» Your objective
Nothing but the lines below between the line holding "カニヘン　子犬　ブラクリ　女の子" and the line holding "Rockhopper Penguin (Eudyptes", inclusive, should appear in the answer, each set down exactly.

» Entries shown
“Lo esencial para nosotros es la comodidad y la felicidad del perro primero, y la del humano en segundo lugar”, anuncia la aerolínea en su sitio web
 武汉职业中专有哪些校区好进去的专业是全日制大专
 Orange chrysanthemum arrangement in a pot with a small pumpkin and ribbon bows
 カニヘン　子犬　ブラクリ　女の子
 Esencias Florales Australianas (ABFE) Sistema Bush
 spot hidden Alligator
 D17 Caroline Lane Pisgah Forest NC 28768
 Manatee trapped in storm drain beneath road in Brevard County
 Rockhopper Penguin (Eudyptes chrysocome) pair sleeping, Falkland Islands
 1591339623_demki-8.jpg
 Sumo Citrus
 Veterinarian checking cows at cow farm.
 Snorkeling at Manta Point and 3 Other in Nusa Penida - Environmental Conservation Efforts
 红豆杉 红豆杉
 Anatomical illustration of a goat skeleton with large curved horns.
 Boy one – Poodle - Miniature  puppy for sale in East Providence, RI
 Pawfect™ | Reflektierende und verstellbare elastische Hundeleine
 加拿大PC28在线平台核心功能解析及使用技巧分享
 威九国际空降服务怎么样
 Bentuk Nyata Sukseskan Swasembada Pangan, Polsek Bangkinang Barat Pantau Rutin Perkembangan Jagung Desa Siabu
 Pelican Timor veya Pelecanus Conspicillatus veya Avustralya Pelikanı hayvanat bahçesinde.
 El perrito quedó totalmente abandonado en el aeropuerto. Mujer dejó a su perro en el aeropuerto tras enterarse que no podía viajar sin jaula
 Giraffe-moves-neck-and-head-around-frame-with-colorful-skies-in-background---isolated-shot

» Written response
 カニヘン　子犬　ブラクリ　女の子
 Esencias Florales Australianas (ABFE) Sistema Bush
 spot hidden Alligator
 D17 Caroline Lane Pisgah Forest NC 28768
 Manatee trapped in storm drain beneath road in Brevard County
 Rockhopper Penguin (Eudyptes chrysocome) pair sleeping, Falkland Islands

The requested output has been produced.